Reconnu sur le tard comme un génie de la peinture du xxe siècle, ou plutôt de « l'au-delà de la peinture » selon ses propres termes, Ernst (1891-1976) était, dans les années 1920-1930, un immigré clandestin survivant à Paris de minces emplois et de rares ventes de tableaux. Interné en 1939 comme « ressortissant de l'Empire allemand » par les autorités françaises, il ne reçut de permis de séjour qu'au moment d'échapper à la Gestapo et de gagner les États-Unis! Pourtant, s'il avait fui l'Allemagne, c'était à cause de « la grande saloperie », la guerre et la vie militaire subies jusqu'à la lie, sa famille comme sa ville (Cologne) gluantes de catholicisme et, de l'autre côté des frontières, l'appel de Dada d'abord puis du surréalisme. En 1919, il mettait au point sa méthode du collage; en 1925 celle du frottage; en 1931, celle des coulures interprétées; en 1934, celle de la sculpture en taille directe, etc.

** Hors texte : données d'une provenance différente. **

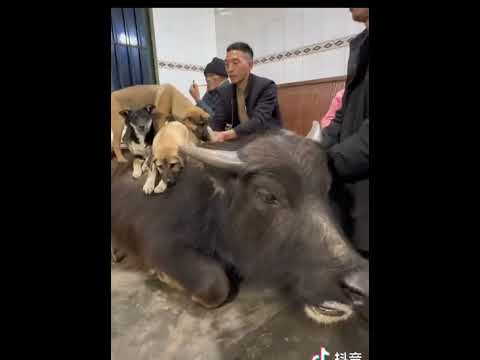 Does your cow come into the living room to watch TV?你家的牛能进你的客厅看电视吗？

Dernier de ses trois « romans-collages » (La Femme 100 têtes, 1929; Rêve d'une petite fille qui voulut entrer au Carmel, 1930), Une semaine de bonté (1934) est le plus volumineux, le plus offensif et le plus dérangeant. On le constatera au musée d'Orsay (jusqu'au 13 septembre) comme sur les excellentes reproductions du catalogue, Ernst s'est effacé derrière une technique ébouriffante d'invisibilité, sans trace de colle ni de ciseaux, pour finir de liquider « la légende du pouvoir créateur de l'artiste » et rendre l'art à tous. On verra surtout que « la plus noble conquête du collage », comme il a dit, « c'est l'irrationnel », comme dans L'Âge d'or de Buñuel, où le peintre jouait un capitaine de brigands. Mais cela ne suffit pas à résumer son « roman », contre-pied de la Genèse qui renverse le récit biblique de la création en la faisant partir de l'enfer contemporain le plus proche, un dimanche, pour dessiner, le samedi suivant, tout un avenir d'émancipation.

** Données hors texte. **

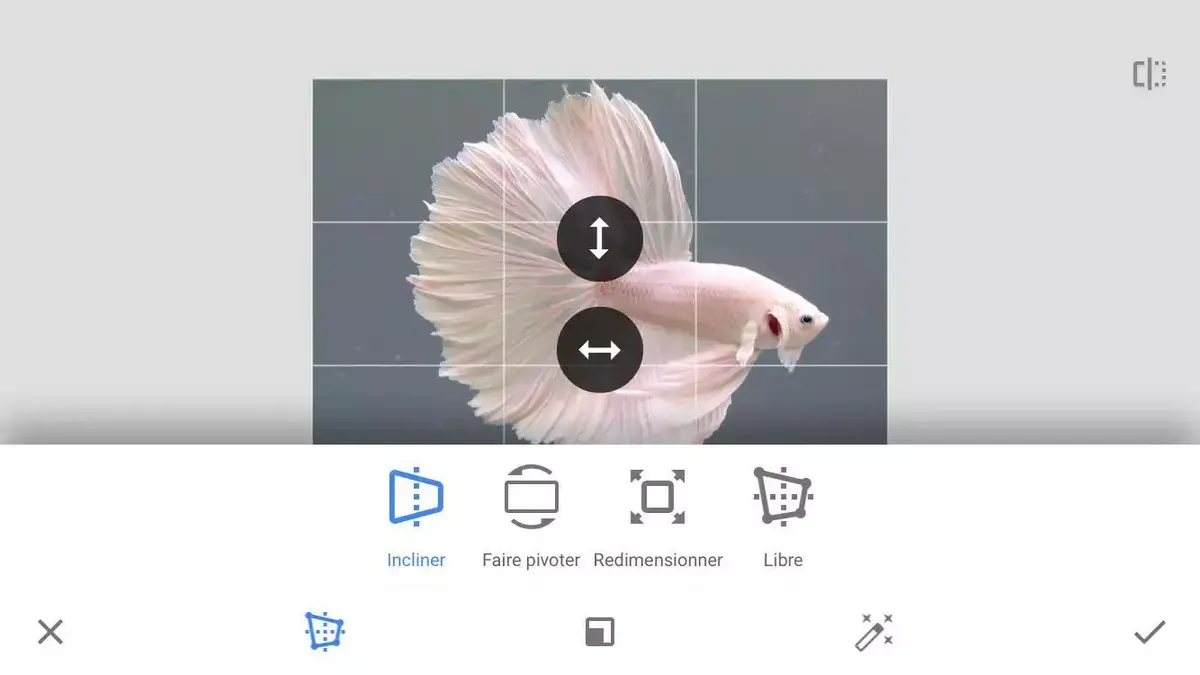 Snapseed redresse les perspectives et gagne de nouveaux outils d'édition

Les vieilles gravures du xixe siècle corrigées par Ernst figurent d'abord un monde suranné et mortifère à dénoncer et à transformer, mais parfois aussi des événements (ignorés par le catalogue) qui l'avaient frappé: exécution publique devant la prison de la Santé, démolition de vieux immeubles parisiens, allusions au « jeudi noir » de 1929 et plus largement aux « résistibles ascensions » fasciste et nazie. Néanmoins, rappelait Ernst en 1935, s'imposer un sujet, « fût-il le plus subversif, le plus exaltant et le traiter d'une manière académique, ce sera contribuer à une œuvre de faible portée révolutionnaire… Le contenu idéologique – manifeste ou latent – ne saurait dépendre de la volonté consciente du peintre ». D'où la réussite de ces collages, dont l'intérêt rétrospectif ou historique n'éclipse en rien la portée actuelle, puisqu'ils traitent de mythes sociaux ou familiaux toujours vivaces et oppressants, si longtemps après les « années noires ».